My Eclipse Coping Saw has a thin, fine-toothed blade suspended in a handled frame between two points. It is used to fit the intersecting profiles of architectural moldings like crown together in a “coped” joint, a more visually satisfying alternative to a true miter joint which would be susceptible to obvious gaps caused by atmospheric variations. I have a larger framed Bow or Turning saw with a coarser blade for faster work on larger projects. The Fret-Saw is of a very similar configuration to the Coping saw, though the frame can be quite a bit deeper. The Fret-Saw is used to make complex cuts through thin stock and it is in a vertical orientation, traveling up and down rather than back-and-forth. The Fret-Saw is used in concert with a supportive accessory called a Birds-Mouth, a flat board with a V shaped notch (which is clamped to a work surface), atop which the thin stock can be rotated through the moving saw blade. A Scroll-Saw is a stationary power tool version of the Fret-Saw.
As mentioned elsewhere many high quality, sharp-right-out-of-the-box handsaws are now being produced which will allow you to jump right into sawdust production or you may go old school, purchasing used handsaws (with straight blades) a saw set, saw vise and a tapered file allowing you to get a little deeper into the craft. The new saws are usually quite attractive and very efficient, so it would be difficult to resist them. I have managed so far because I suppose I am frugal, but that doesn’t mean I would not like one for myself. Or two.
I use all of the saws listed above but my preference is for the Bow (Spannsäge). I have several types of blades that I can choose from, including a slim turning blade. I hesitate to include them because they are not as commonly available as conventional handsaws. Even though learning how to handle them will require a bit of practice, I think they are easier to get going with than a handsaw since they are less liable to kink. The blades are narrower and quite thin too like a band saw, so they move much more freely with less friction. They can be broken down for travel, and you can take along additional profile blades for versatility at very little additional weight.
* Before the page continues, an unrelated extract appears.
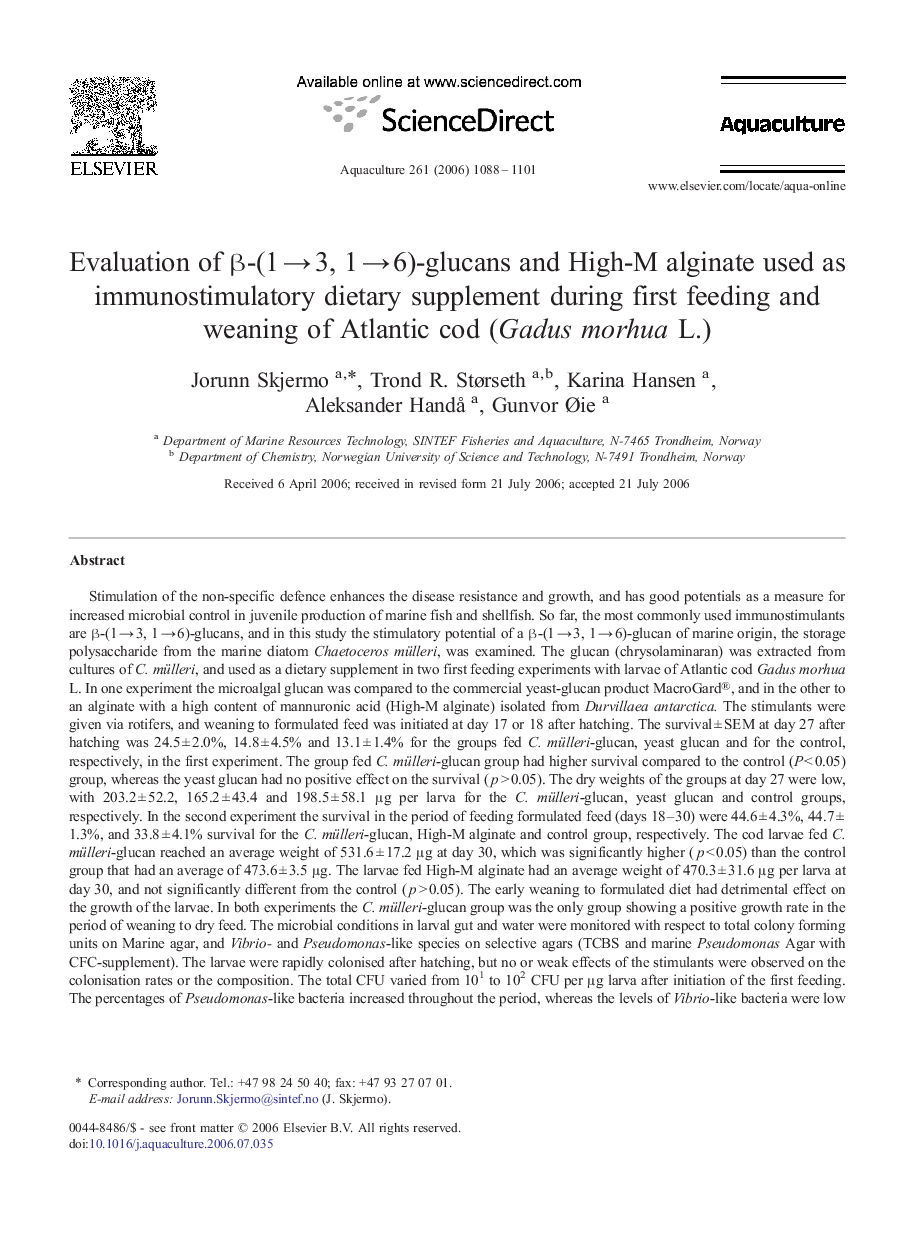 Evaluation of β-(1 → 3, 1 → 6)-glucans and High-M alginate used as immunostimulatory dietary supplement during first feeding and weaning of Atlantic cod (Gadus morhua L.)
When it comes to hand held machinery, Circular saws are usually set-up and ready to go out of the box, but the included blades are often for cutting construction lumber as well as not of the best quality for finer work, so I end up purchasing an upgrade blade for a finer, cleaner cut.
Stationary power tools like the table saw, band saw, miter saw or radial arm saw almost always need quality replacement blade, especially band saws where a high quality blade can make a surprising difference. Along with the blade upgrade, this stationary equipment will almost certainly need a thorough set-up procedure to function accurately.